### REQUIRED WORK
Retype the lines below exactly, from the one that contains "663 Bishops Lodge" through the last, and leave every picture out.

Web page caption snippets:
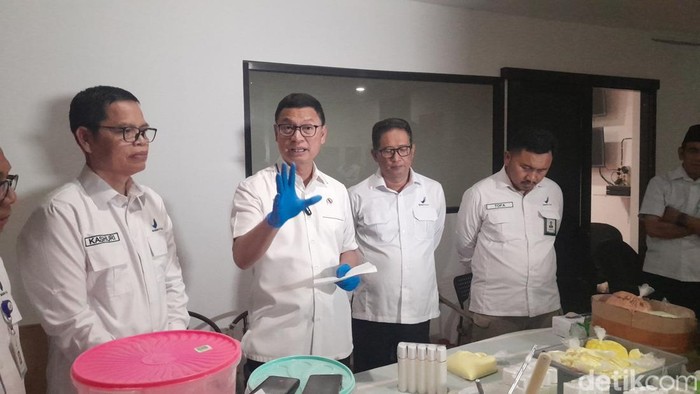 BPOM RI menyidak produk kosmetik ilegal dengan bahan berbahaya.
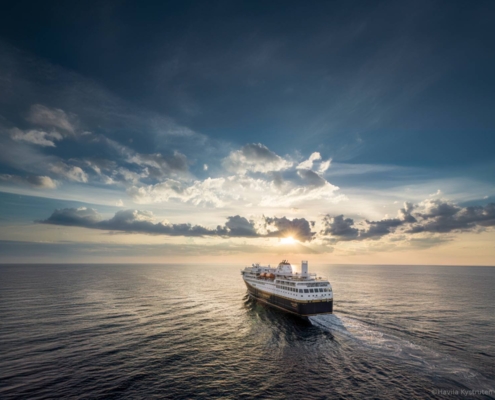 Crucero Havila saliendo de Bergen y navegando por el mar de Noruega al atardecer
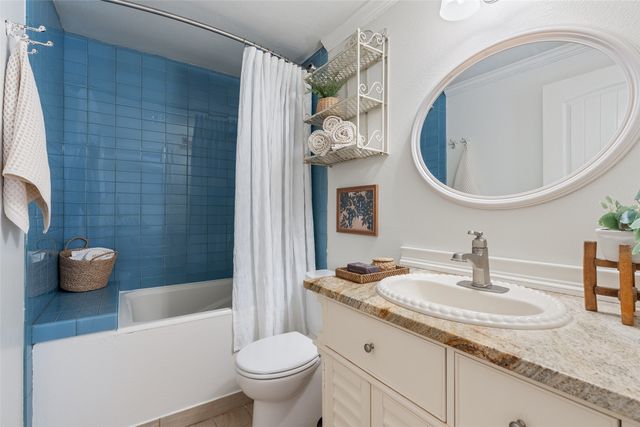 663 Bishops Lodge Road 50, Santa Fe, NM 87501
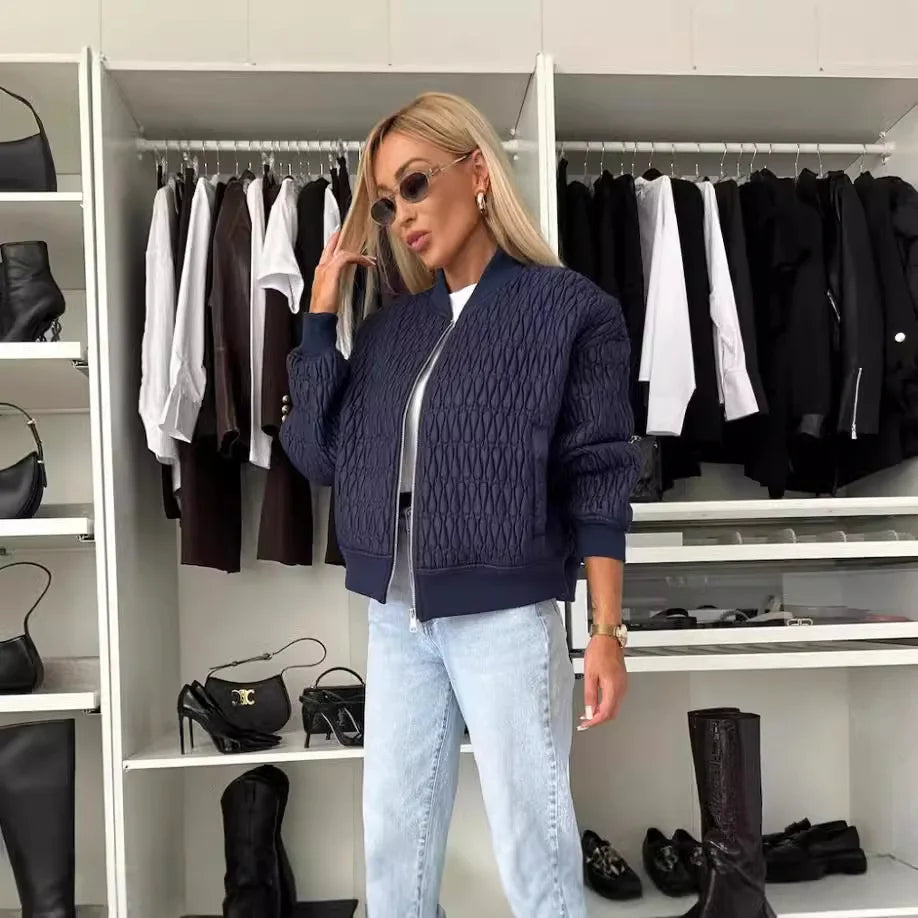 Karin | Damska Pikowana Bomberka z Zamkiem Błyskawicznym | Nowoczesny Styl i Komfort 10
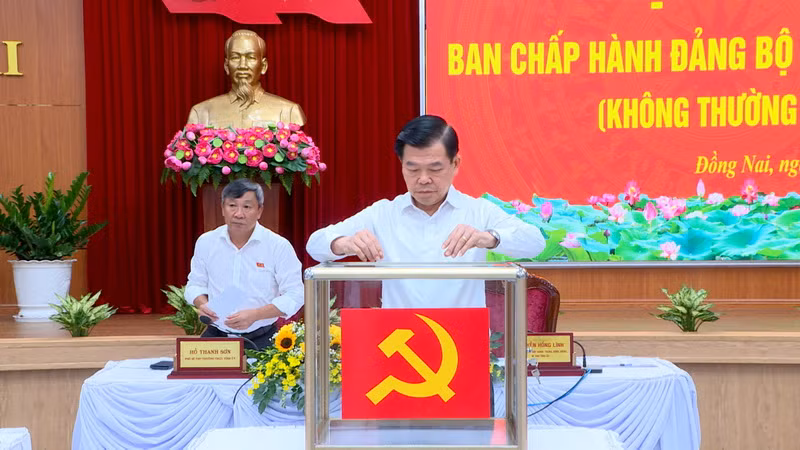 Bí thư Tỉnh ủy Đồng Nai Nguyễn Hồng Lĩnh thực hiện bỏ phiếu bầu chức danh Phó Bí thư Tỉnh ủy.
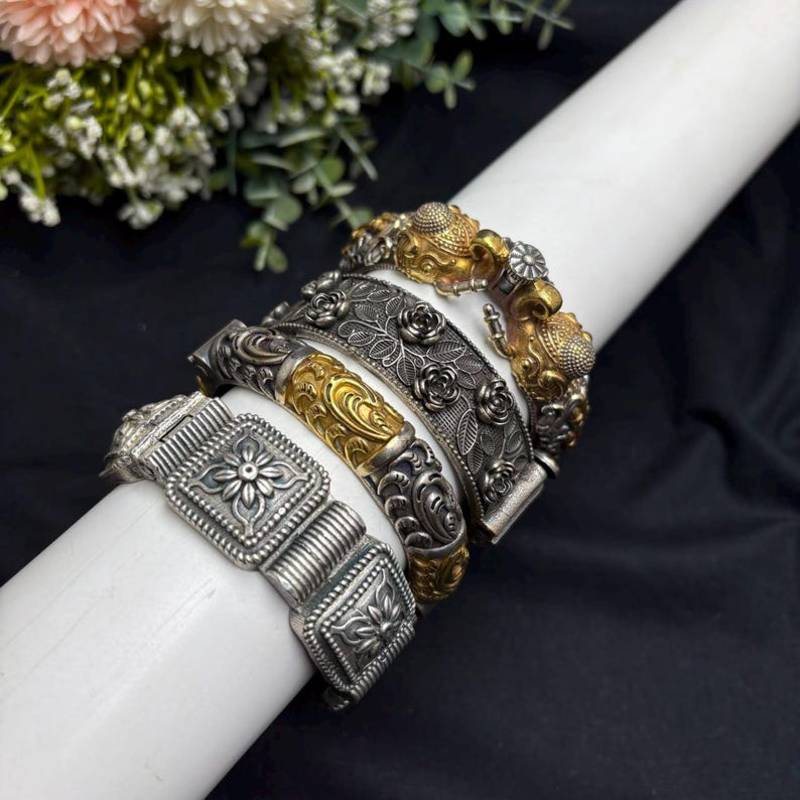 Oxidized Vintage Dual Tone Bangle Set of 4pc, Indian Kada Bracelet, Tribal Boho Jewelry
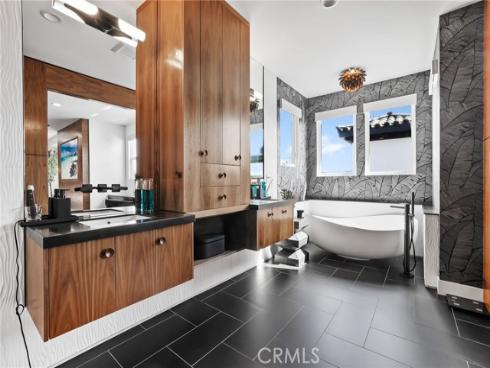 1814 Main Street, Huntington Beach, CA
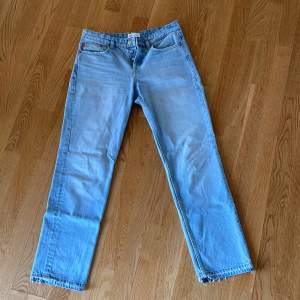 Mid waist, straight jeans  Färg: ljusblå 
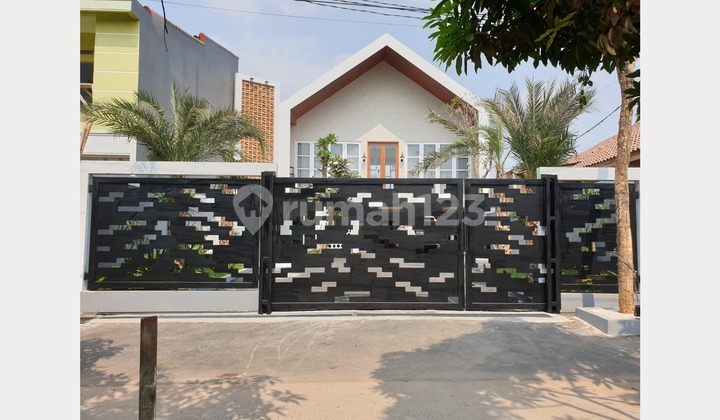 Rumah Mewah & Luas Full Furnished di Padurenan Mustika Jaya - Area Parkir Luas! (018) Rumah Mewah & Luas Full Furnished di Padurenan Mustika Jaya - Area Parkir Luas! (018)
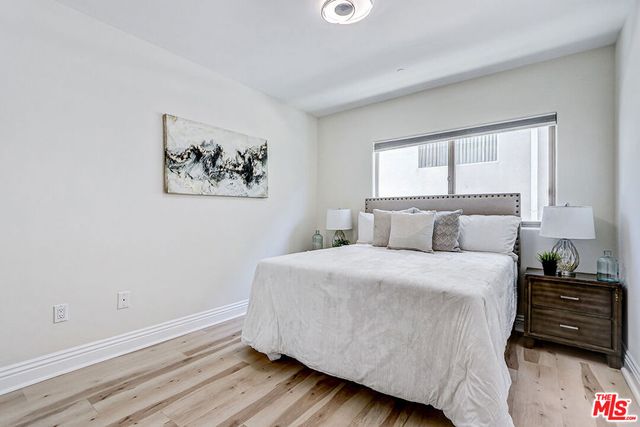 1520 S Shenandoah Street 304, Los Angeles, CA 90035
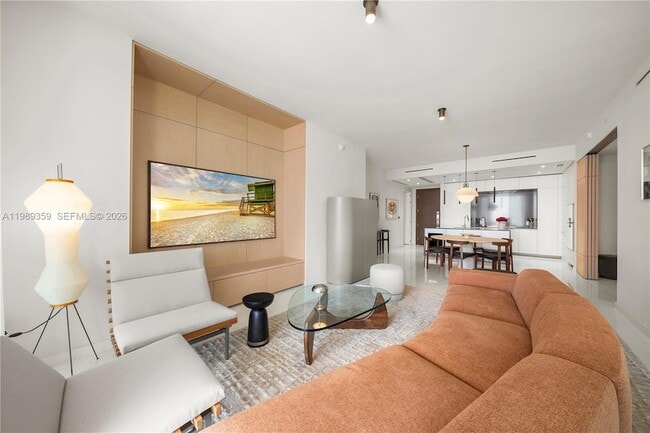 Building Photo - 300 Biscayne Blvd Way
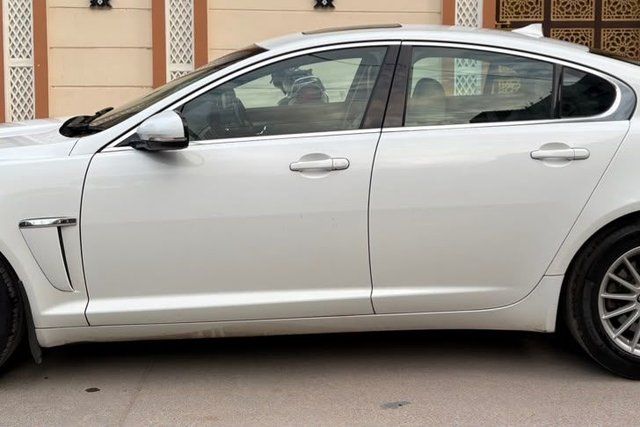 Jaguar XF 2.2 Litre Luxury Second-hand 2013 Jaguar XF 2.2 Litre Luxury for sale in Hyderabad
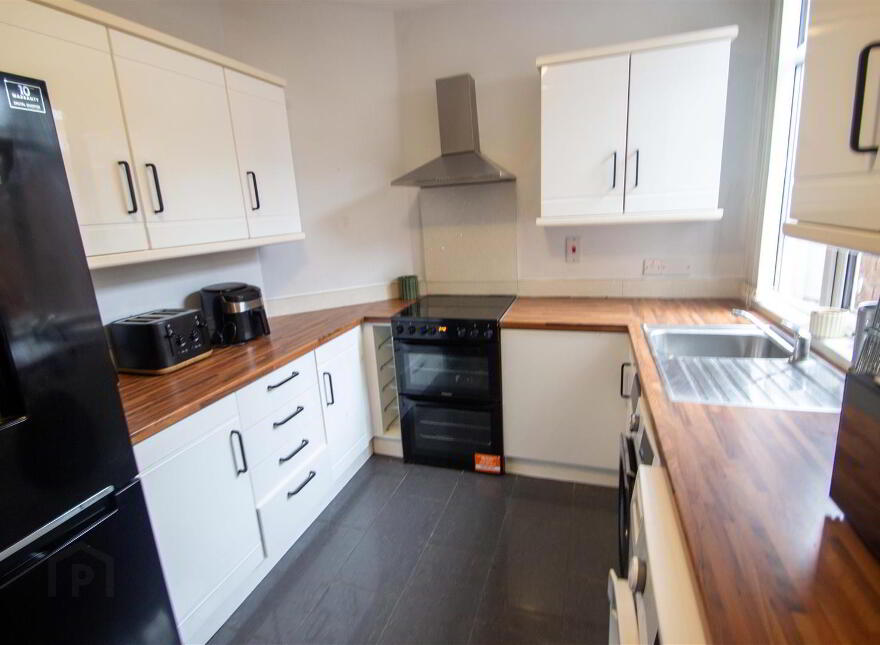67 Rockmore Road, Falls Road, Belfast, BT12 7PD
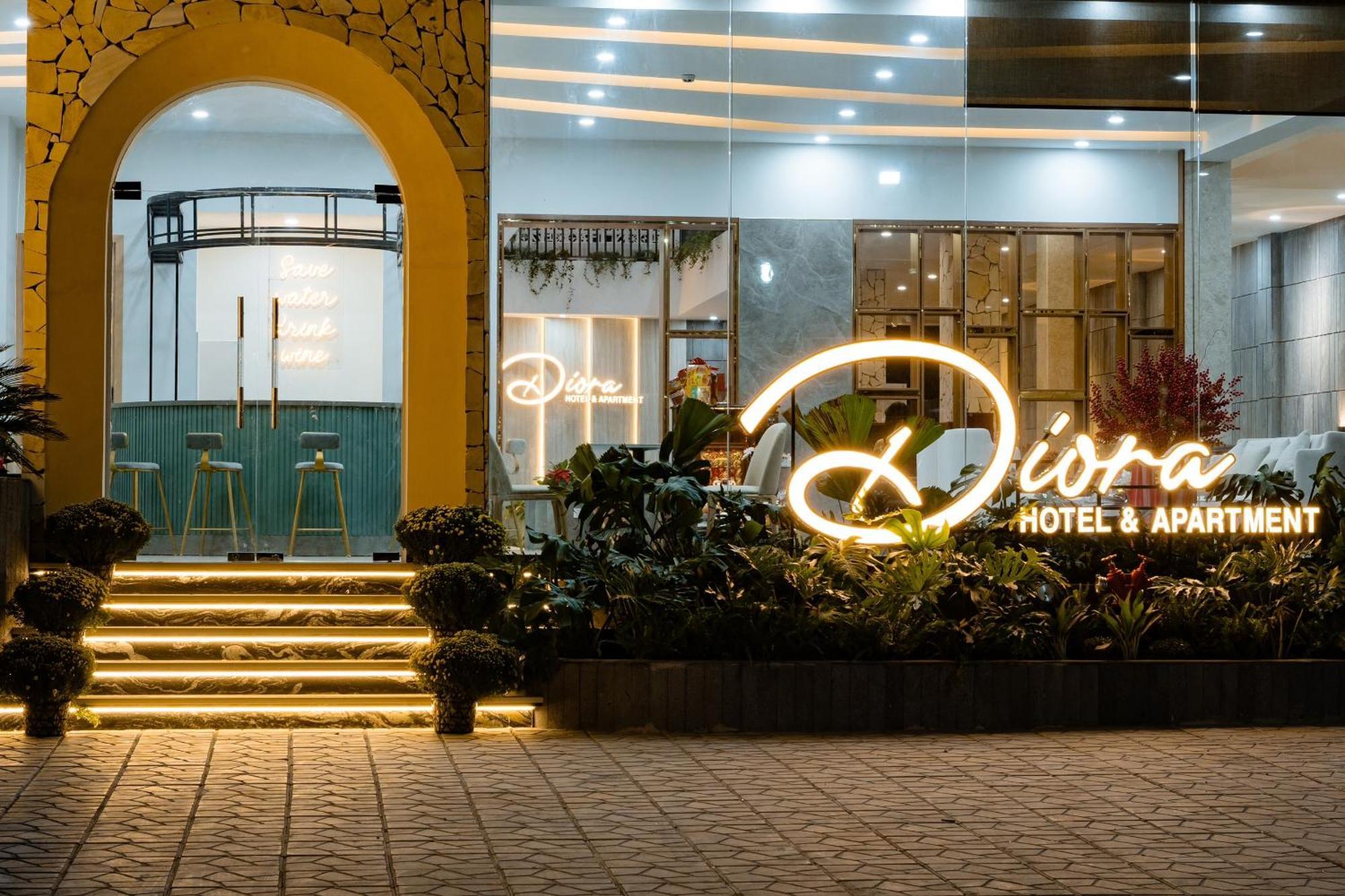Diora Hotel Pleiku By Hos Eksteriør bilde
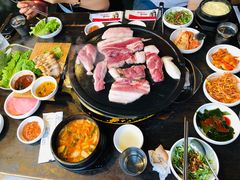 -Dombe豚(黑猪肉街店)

### ANSWER FOR THIS EXERCISE
 663 Bishops Lodge Road 50, Santa Fe, NM 87501
 Karin | Damska Pikowana Bomberka z Zamkiem Błyskawicznym | Nowoczesny Styl i Komfort 10
 Bí thư Tỉnh ủy Đồng Nai Nguyễn Hồng Lĩnh thực hiện bỏ phiếu bầu chức danh Phó Bí thư Tỉnh ủy.
 Oxidized Vintage Dual Tone Bangle Set of 4pc, Indian Kada Bracelet, Tribal Boho Jewelry
 1814 Main Street, Huntington Beach, CA
 Mid waist, straight jeans  Färg: ljusblå 
 Rumah Mewah & Luas Full Furnished di Padurenan Mustika Jaya - Area Parkir Luas! (018) Rumah Mewah & Luas Full Furnished di Padurenan Mustika Jaya - Area Parkir Luas! (018)
 1520 S Shenandoah Street 304, Los Angeles, CA 90035
 Building Photo - 300 Biscayne Blvd Way
 Jaguar XF 2.2 Litre Luxury Second-hand 2013 Jaguar XF 2.2 Litre Luxury for sale in Hyderabad
67 Rockmore Road, Falls Road, Belfast, BT12 7PD
Diora Hotel Pleiku By Hos Eksteriør bilde
 -Dombe豚(黑猪肉街店)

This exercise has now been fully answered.